今後の法解釈に委ねられ不明ですが、親権者変更申立ては可能という解釈になる可能性は十分あります。

離婚時に親権者と定められた母が再婚し、再婚相手と子が養子縁組をした場合(いわゆる「連れ子養子」)、子は養親とその配偶者たる実母の共同親権に服することになります。
そして、現行法の解釈としては、このような場合には、もはや実父からは親権者変更の申立て自体ができないこととされていました(最高裁2014年4月14日決定)。

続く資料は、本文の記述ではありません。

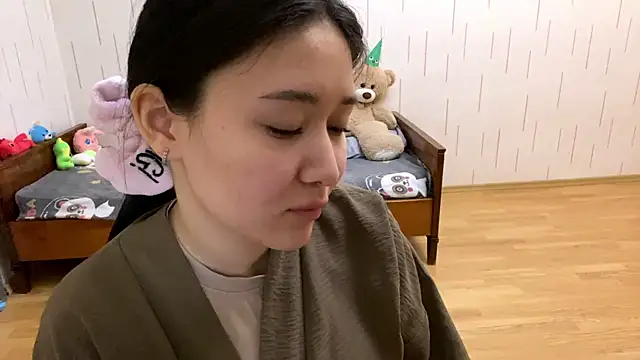 YourMiIa 即時 XXX 聊天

もっとも、その理由は、(1)現行民法819条6項の親権者変更の定めは、1から5項における単独の親権者であることを前提とした定めであること、(2)条文上も「親権者を他の一方に変更する」という文理からすれば、親権者となることができる者が2人いることを前提にあくまでその一方から「他の一方」への変更を認めるものであり、実親と養親の共同親権に服している場合を予定していないと読み取るのが素直であることが挙げられています。
これに対して、(1)新民法819条では離婚後共同親権もあり得る定めとなり、(2)親権者変更の定めとしても、「子の利益のため必要があると認めるときは、家庭裁判所は、子又はその親族の請求によって、親権者を変更することができる。」というものとなり、「一方」「他方」といった表現はなくなったので、文言上は様々な変更が可能となったと読み取ることができます。

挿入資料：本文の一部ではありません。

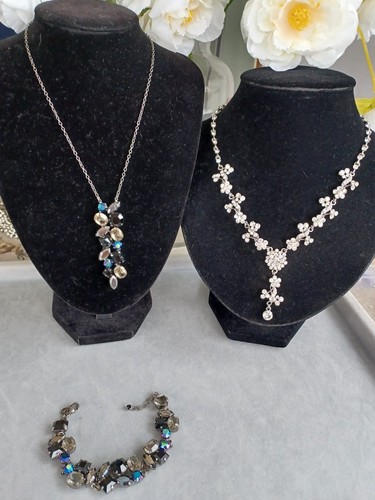 1 Flower Necklace Encrusted With Rhinestone, 1 Silver Tone Necklace + Bracelet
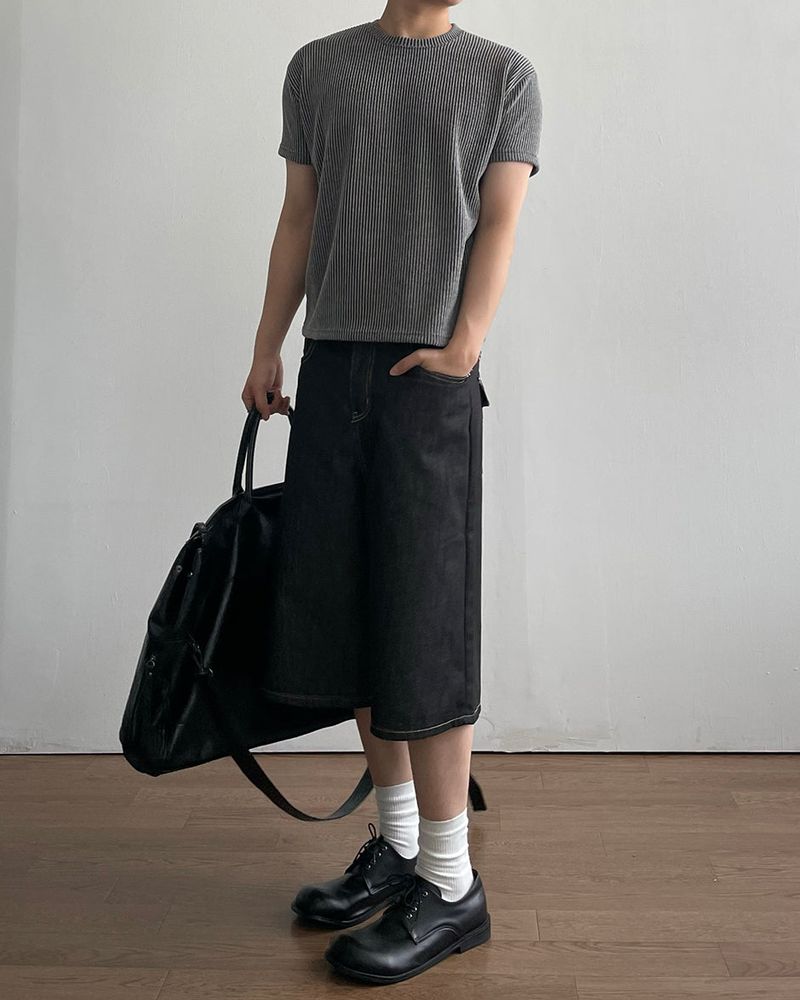 Ribbed Two-Tone Muscle Fit Short Sleeve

したがって、少なくとも旧法の解釈の根拠を失っており、実母と再婚相手たる養父との共同親権である場合にも、養父から実父への親権者変更(実母と実父の共同親権への変更)を求めること自体は可能になるように読み取れます。

*記事掲載時(2024年5月31日)で把握できている情報に基づく内容であり、その後の動向で記事内容が不適当になっていることがあり得ます。
*法改正に賛成・反対の立場から記事を掲載するものではなく、なるべく客観的に法改正の内容及びその影響として予測される事項を説明する趣旨です。ただし、判例・法令で明確になっていない事項も多いため、今後の推移を見ないと判断しづらい事項も多々あります。